Belgian Man Charged With Attempting To Illegally Export Aluminum Tubes To Malaysian Front For Individual In Iran
For Immediate Release
U.S. Attorney's Office, Northern District of Illinois
CHICAGO — A Belgian businessman is scheduled to be arraigned tomorrow on federal charges alleging that he violated U.S. laws by attempting to export aluminum tubes that were controlled for nuclear nonproliferation purposes from a company in Schaumburg, through Belgium, to a company in Kuala Lumpur, Malaysia, without obtaining a license from the U.S. Commerce Department, federal law enforcement officials announced today.
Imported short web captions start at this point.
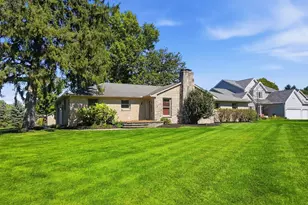 6218 Feder Rd, Columbus, OH 43228 - Photo 2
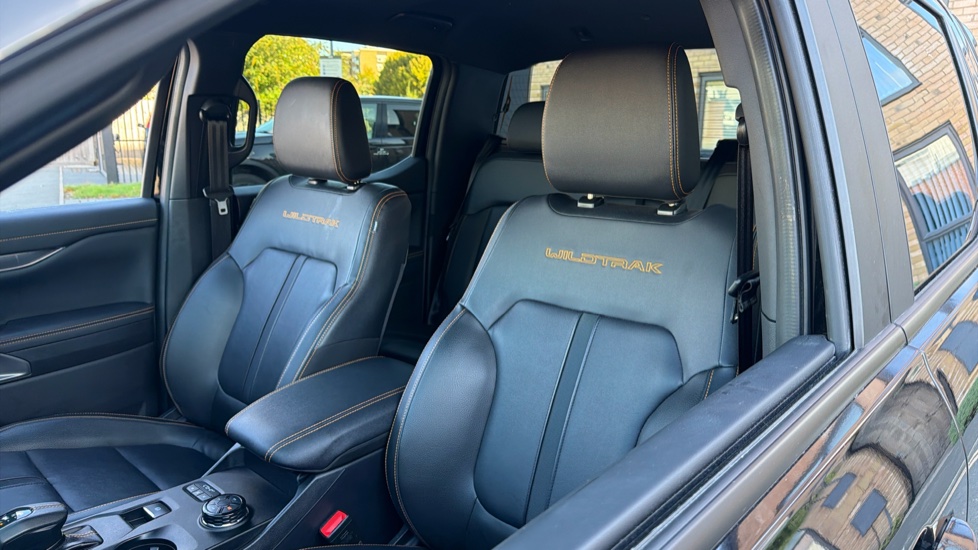 Ford Ranger Petrol Pick Up D/Cab Wildtrak 2.3 EcoBoost PHEV 281 Auto - Image 32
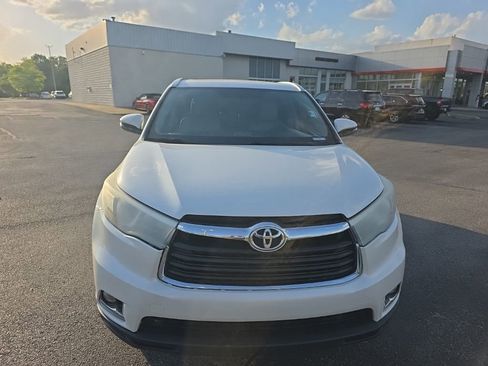 Used 2014 Toyota Highlander Limited AWD/4WD image 3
The case follows a lengthy undercover investigation in which the Schaumburg company, which was cooperating with law enforcement, actually shipped different non-controlled aluminum tubes to the defendant’s business in Belgium before they were allegedly illegally transshipped to Malaysia.
Court documents allege that the Malaysian business is a front company operated by an individual who is located at times in Iran.
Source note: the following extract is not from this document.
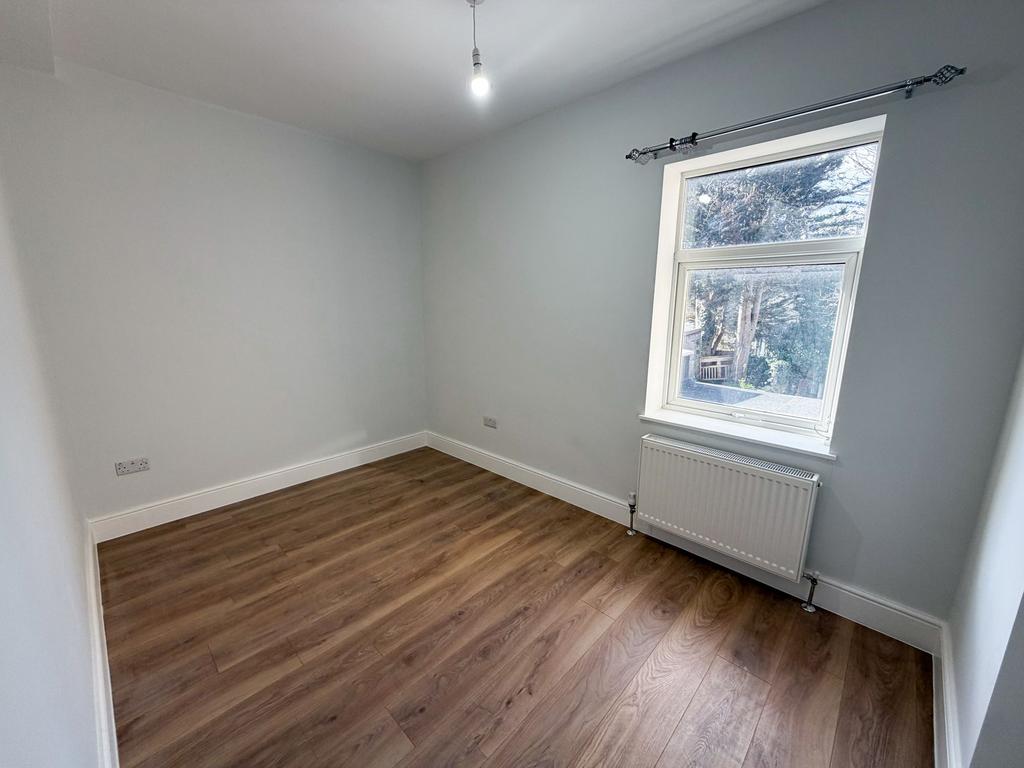Mansfield Rd IG1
The case involves 7075 T6 aluminum tubing with an outside diameter of 4.125 inches and an ultimate tensile strength of 572 MPa (megapascals), which is used in the aerospace industry, among other applications. As a controlled material, a license was required from the Commerce Department’s Bureau of Industry and Security to export the 7075 aluminum from the U.S. to Malaysia, but not to Belgium.
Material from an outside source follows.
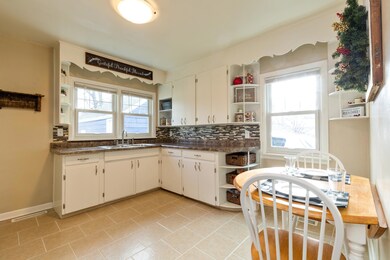 Eat-In Kitchen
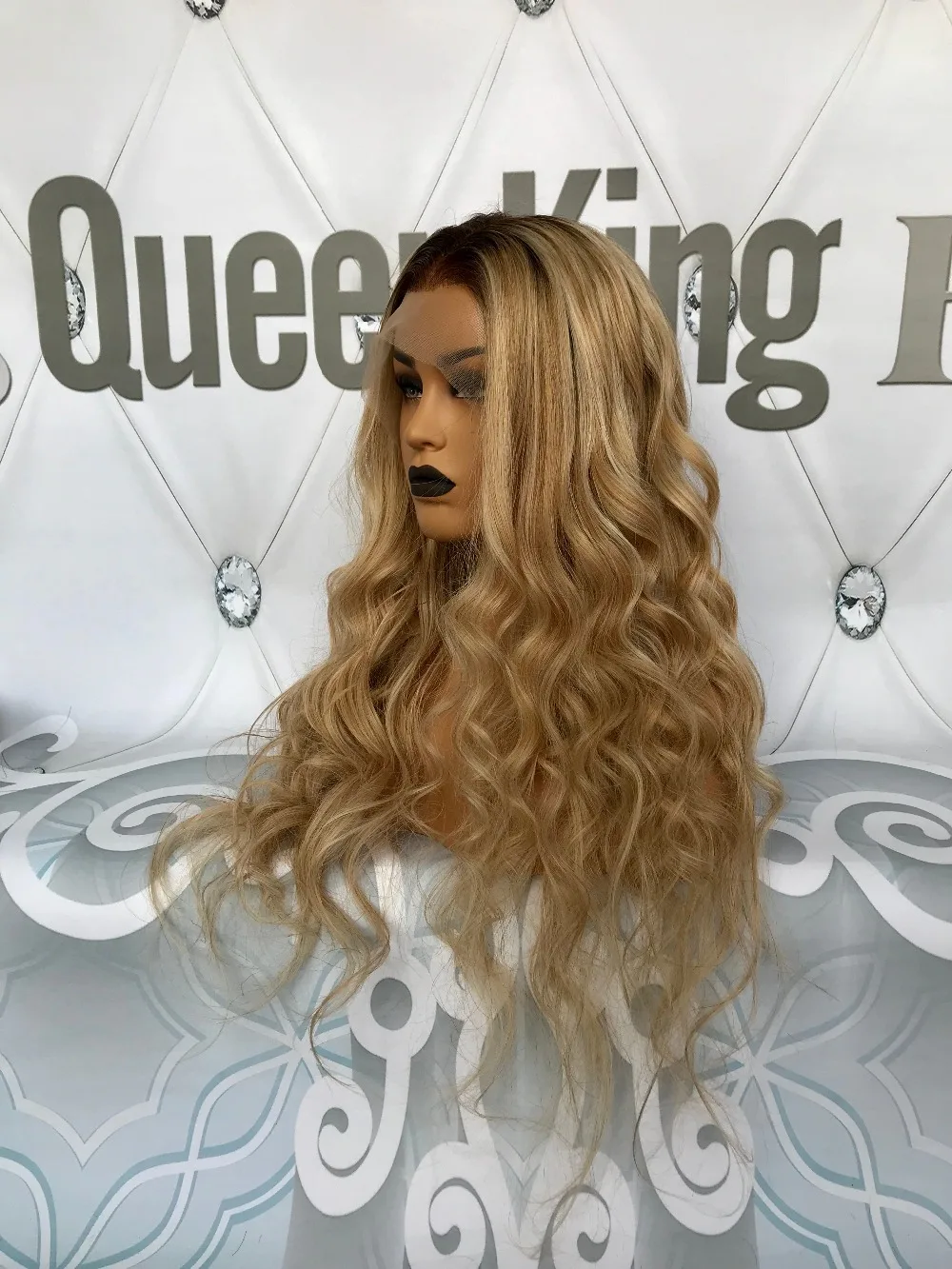 QueenKing волосы передний парик шнурка 180% Плотность Lemi Цвет Реми волос наращивание волос Реми эффектом деграде(переход от темного к парики T4/27/613 бразильских неповреждённых волос с бесплатной доставкой в одночасье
The defendant, NICHOLAS KAIGA, 36, of Brussels and London, was charged with one count of violating the International Emergency Economic Powers Act (IEEPA) and two counts of making false statements on U.S. export forms in a three-count indictment returned by a federal grand jury last Thursday. Kaiga has been in federal custody since he was arrested on June 25 in New York City, approximately a week after he arrived there. A criminal complaint filed at the time of his arrest was unsealed when he was indicted last week.
Kaiga will be arraigned at 11 a.m. tomorrow before U.S. Magistrate Judge Maria Valdez in U.S. District Court in Chicago.
The charges were announced by Zachary T. Fardon, United States Attorney for the Northern District of Illinois; Gary Hartwig, Special Agent-in-Charge of Homeland Security Investigations in Chicago; Robert J. Shields, Jr., Acting Special Agent-in-Charge of the Chicago Office of the Federal Bureau of Investigation; and Ronald B. Orzel, Special Agent-in-Charge of the U.S. Department of Commerce, Bureau of Industry and Security, Office of Export Enforcement, Chicago Field Office. The Justice Department’s National Security Division is providing assistance in the case.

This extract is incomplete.